これから6回にわたり書かせていただくことになりましたが、これまで翻訳者や通訳としてさまざまな経験をしてきた立場から、私自身の失敗談や成功談なども交えて翻訳や通訳という仕事の現実についてお話ししつつ、翻訳や通訳を上手に使う方法や、依頼するときの注意点、翻訳者を目指している方々の参考となるようなことがらもお伝えできればと思います。
なぜ誤訳は起きるのか?
冒頭でお話したとおり、翻訳者や通訳は「誤訳」という言葉に敏感です。
私自身、誤訳の指摘を受けたことは幾度とありますし、私の翻訳に対する批判の書き込みを頂いたこともあります。大きな失敗をして、取引先に違約金を払ったこともありました。22年間の翻訳者・通訳人生で、「誤訳」の恐怖から解放されたことはありません。
それは、誤訳が翻訳者・通訳としての自分の評価に直結し、職業生命を危険にさらすことになりかねないからです。良い実績が残せなければ、次の仕事の保証がありません。フリーランスの宿命です。
SNSでも誤訳の話題には多くの関心が寄せられます。書籍や字幕に誤訳が発覚しようものなら、かなりの批判が集まることもあります。批判は、同業者である翻訳者から集まることも少なくありません。
つまり、人々はそれだけ誤訳に対して敏感なのです。私自身も、誤訳はしたくありません。しかし、誤訳の可能性をゼロにするのは至難の業。特に現場にはさまざまな制約があり、そのせいで誤訳のリスクが非常に高くなります。

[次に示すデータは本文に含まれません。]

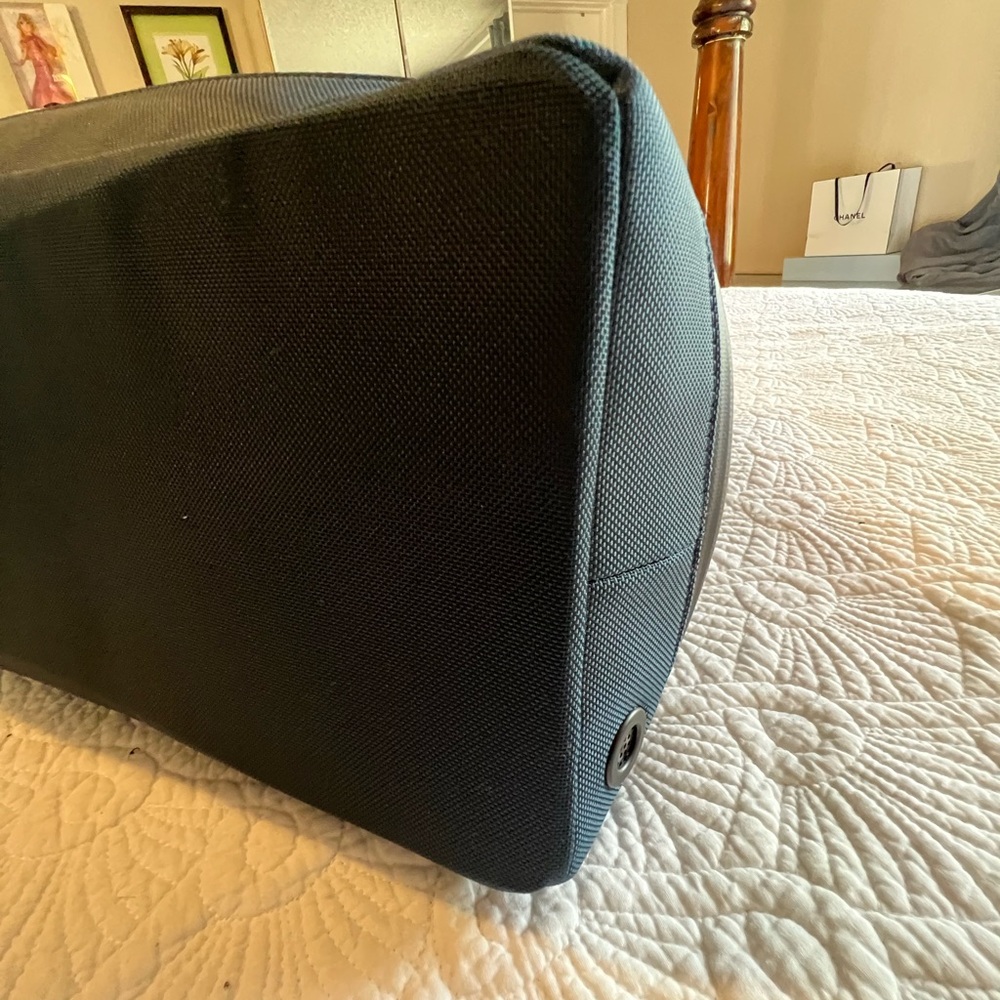 Tumi Black NWT Interior Large Tote Bag - Picture 10 of 14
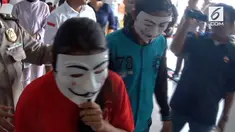Seorang istri tega menjual suaminya sendiri demi uang dan fantasi seks bertiga alias threesome.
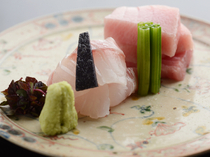 日本料理　太月_汤为怀石料理的主角。由秋至冬，则非以时令鲜鱼制作的“大翅鲪鲉汤”莫数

尚、ここからは便宜上、主に翻訳者に焦点を当ててお話をさせていただきますが、これを通訳に置き換えてもほぼ同じことが言えると思います。
そもそも誤訳とは?
「誤訳」には二つのタイプがあり、一つは原文を正しく理解できていなかったり、うっかり誤解したりして誤った訳をしてしまう場合。もう一つは、何らかの制約があり、原文の意図を翻訳に十分に表現しきれない場合です。

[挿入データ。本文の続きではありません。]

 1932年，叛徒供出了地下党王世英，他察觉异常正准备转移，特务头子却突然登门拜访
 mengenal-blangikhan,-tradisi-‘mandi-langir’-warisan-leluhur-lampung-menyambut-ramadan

前者の誤訳をしてしまう翻訳者は、残念ながらプロのレベルにまだ達していません。大活躍している著名な翻訳者の中にも、このタイプの誤訳をする人は見られます。しかし、原文を完全に理解できない人に、仕事としての翻訳は無理です。添削してくれる人はいないのです。すべて自分の責任です。
今回はそのタイプの誤訳はさておき、後者の誤訳についてです。つまり、何らかの制約があり、原文の意図を翻訳に十分に表現しきれない場合です。これが、ベテラン翻訳者でも誤訳をしてしまう要因となっているのです(それを「誤訳」と言ってしまっていいのか分かりませんが)。
現場にはさまざまな制約があります。たとえば紙面(文字数)の制約、時間的な制約(締め切りまで時間がない)、原文の問題(誤字脱字、意味不明など)といったものです。
少々言い訳がましくなるかもしれませんが、雑誌や新聞、パンフレットやホームページ、映像の字幕など、翻訳で扱うほぼ全てにおいて、紙面の制約があります。当然、外国語と日本語では、同じ面積を使って書ける容量も違います。
作業時間も無制限ではありません。時間をかけて調べたり読み返したりすれば、誤訳を排除することが可能かもしれません。しかし、現場の翻訳者は締め切りに追われながら作業をしています。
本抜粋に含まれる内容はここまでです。